> [WHAT IS EXPECTED] Please return only the lines from the one holding "Golven kruipen tegen" through the one holding "on Yuli Gurriel situation", exactly as they appear in the records below, both ends included.

[DATA TO USE — start]

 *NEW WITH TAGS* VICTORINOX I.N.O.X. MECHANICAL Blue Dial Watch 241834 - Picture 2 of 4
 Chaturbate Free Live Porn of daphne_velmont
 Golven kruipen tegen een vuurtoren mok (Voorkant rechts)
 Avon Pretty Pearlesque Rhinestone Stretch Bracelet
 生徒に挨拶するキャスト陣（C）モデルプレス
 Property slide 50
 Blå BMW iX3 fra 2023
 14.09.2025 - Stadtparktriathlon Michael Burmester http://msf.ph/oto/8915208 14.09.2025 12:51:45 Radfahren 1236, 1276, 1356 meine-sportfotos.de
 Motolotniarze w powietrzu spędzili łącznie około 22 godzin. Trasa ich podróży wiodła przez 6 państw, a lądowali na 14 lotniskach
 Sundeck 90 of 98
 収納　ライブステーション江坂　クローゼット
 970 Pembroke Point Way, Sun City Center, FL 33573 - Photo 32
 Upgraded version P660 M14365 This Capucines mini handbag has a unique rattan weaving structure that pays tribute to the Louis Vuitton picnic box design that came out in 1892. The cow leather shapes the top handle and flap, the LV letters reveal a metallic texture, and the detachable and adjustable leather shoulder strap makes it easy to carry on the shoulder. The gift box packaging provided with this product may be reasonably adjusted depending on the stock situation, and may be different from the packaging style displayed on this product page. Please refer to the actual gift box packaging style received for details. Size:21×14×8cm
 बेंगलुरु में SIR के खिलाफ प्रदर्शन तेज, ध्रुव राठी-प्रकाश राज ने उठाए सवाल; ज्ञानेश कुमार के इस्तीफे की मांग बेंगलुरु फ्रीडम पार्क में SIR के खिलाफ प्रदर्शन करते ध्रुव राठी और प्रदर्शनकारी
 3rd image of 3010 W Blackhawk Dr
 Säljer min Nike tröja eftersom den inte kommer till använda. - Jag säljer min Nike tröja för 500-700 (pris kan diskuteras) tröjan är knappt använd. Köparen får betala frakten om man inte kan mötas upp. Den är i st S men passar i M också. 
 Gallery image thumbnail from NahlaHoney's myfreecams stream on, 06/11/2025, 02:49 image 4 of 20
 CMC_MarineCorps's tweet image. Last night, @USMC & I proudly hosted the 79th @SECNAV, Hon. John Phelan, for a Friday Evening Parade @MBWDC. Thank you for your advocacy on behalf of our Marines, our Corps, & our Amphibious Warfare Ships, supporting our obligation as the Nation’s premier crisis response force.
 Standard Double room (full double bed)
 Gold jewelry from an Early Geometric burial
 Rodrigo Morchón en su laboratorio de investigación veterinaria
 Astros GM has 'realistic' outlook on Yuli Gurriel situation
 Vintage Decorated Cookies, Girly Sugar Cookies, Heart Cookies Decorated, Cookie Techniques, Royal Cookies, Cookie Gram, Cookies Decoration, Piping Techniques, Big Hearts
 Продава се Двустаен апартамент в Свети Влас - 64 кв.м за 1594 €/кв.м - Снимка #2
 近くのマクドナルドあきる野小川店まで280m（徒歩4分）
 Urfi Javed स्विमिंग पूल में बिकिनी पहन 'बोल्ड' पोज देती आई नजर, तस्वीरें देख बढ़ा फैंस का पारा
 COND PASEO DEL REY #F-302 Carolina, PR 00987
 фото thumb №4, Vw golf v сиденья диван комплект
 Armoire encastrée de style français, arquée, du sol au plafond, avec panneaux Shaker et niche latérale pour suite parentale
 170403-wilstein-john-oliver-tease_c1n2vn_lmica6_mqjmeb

[DATA TO USE — finish]

> [THE COMPLETED TASK]
 Golven kruipen tegen een vuurtoren mok (Voorkant rechts)
 Avon Pretty Pearlesque Rhinestone Stretch Bracelet
 生徒に挨拶するキャスト陣（C）モデルプレス
 Property slide 50
 Blå BMW iX3 fra 2023
 14.09.2025 - Stadtparktriathlon Michael Burmester http://msf.ph/oto/8915208 14.09.2025 12:51:45 Radfahren 1236, 1276, 1356 meine-sportfotos.de
 Motolotniarze w powietrzu spędzili łącznie około 22 godzin. Trasa ich podróży wiodła przez 6 państw, a lądowali na 14 lotniskach
 Sundeck 90 of 98
 収納　ライブステーション江坂　クローゼット
 970 Pembroke Point Way, Sun City Center, FL 33573 - Photo 32
 Upgraded version P660 M14365 This Capucines mini handbag has a unique rattan weaving structure that pays tribute to the Louis Vuitton picnic box design that came out in 1892. The cow leather shapes the top handle and flap, the LV letters reveal a metallic texture, and the detachable and adjustable leather shoulder strap makes it easy to carry on the shoulder. The gift box packaging provided with this product may be reasonably adjusted depending on the stock situation, and may be different from the packaging style displayed on this product page. Please refer to the actual gift box packaging style received for details. Size:21×14×8cm
 बेंगलुरु में SIR के खिलाफ प्रदर्शन तेज, ध्रुव राठी-प्रकाश राज ने उठाए सवाल; ज्ञानेश कुमार के इस्तीफे की मांग बेंगलुरु फ्रीडम पार्क में SIR के खिलाफ प्रदर्शन करते ध्रुव राठी और प्रदर्शनकारी
 3rd image of 3010 W Blackhawk Dr
 Säljer min Nike tröja eftersom den inte kommer till använda. - Jag säljer min Nike tröja för 500-700 (pris kan diskuteras) tröjan är knappt använd. Köparen får betala frakten om man inte kan mötas upp. Den är i st S men passar i M också. 
 Gallery image thumbnail from NahlaHoney's myfreecams stream on, 06/11/2025, 02:49 image 4 of 20
 CMC_MarineCorps's tweet image. Last night, @USMC & I proudly hosted the 79th @SECNAV, Hon. John Phelan, for a Friday Evening Parade @MBWDC. Thank you for your advocacy on behalf of our Marines, our Corps, & our Amphibious Warfare Ships, supporting our obligation as the Nation’s premier crisis response force.
 Standard Double room (full double bed)
 Gold jewelry from an Early Geometric burial
 Rodrigo Morchón en su laboratorio de investigación veterinaria
 Astros GM has 'realistic' outlook on Yuli Gurriel situation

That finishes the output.